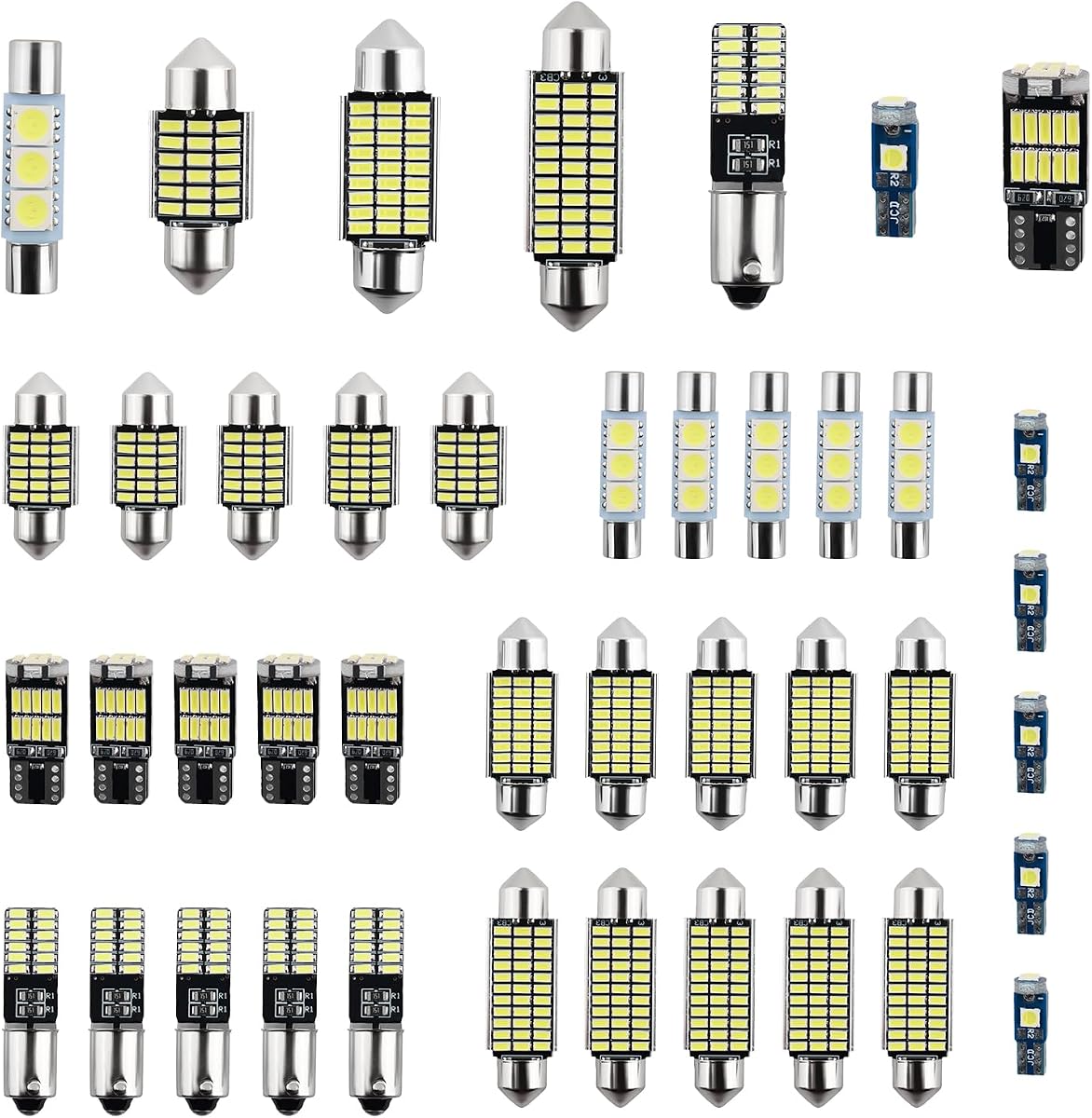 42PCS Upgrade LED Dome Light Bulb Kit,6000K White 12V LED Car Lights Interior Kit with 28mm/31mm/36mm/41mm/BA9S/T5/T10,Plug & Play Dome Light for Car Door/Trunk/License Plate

---

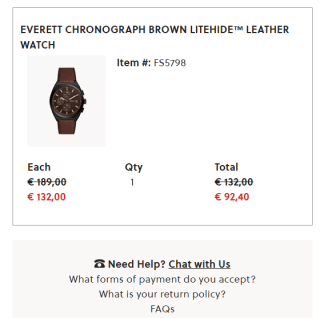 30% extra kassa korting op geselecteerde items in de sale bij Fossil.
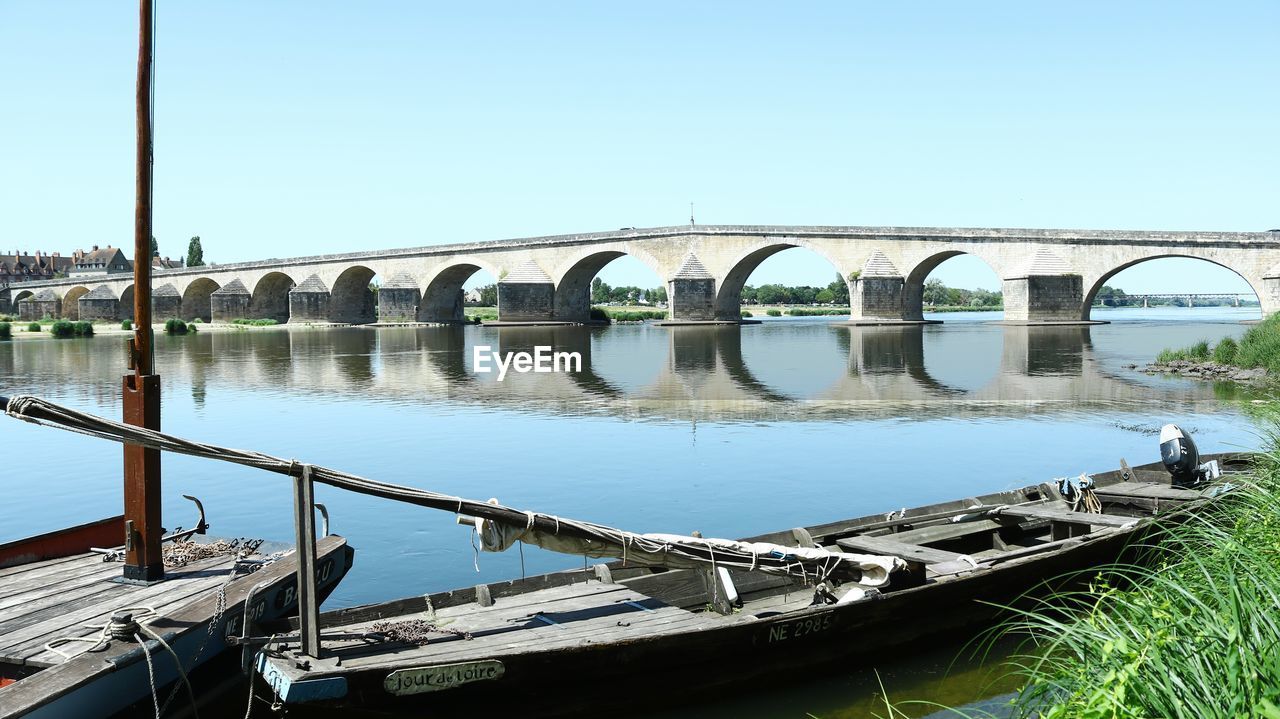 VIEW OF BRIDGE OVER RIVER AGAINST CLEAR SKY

* * *

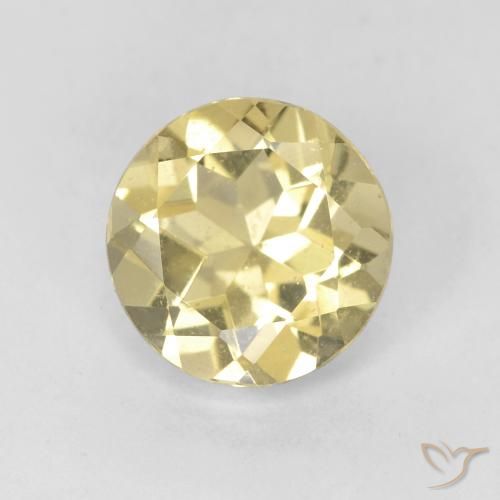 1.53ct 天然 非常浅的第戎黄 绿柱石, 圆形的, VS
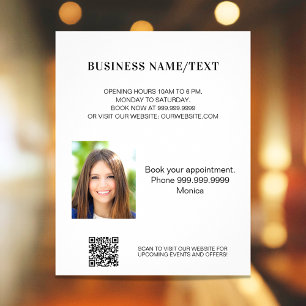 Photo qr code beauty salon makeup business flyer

### Try it
Give again, exactly as written above, each line from the one that has "1.53ct 天然 非常浅的第戎黄 绿柱石, 圆形的, VS" to the one that has "Photo qr code", both included; omit the pictures.

### Task answer
 1.53ct 天然 非常浅的第戎黄 绿柱石, 圆形的, VS
 Photo qr code beauty salon makeup business flyer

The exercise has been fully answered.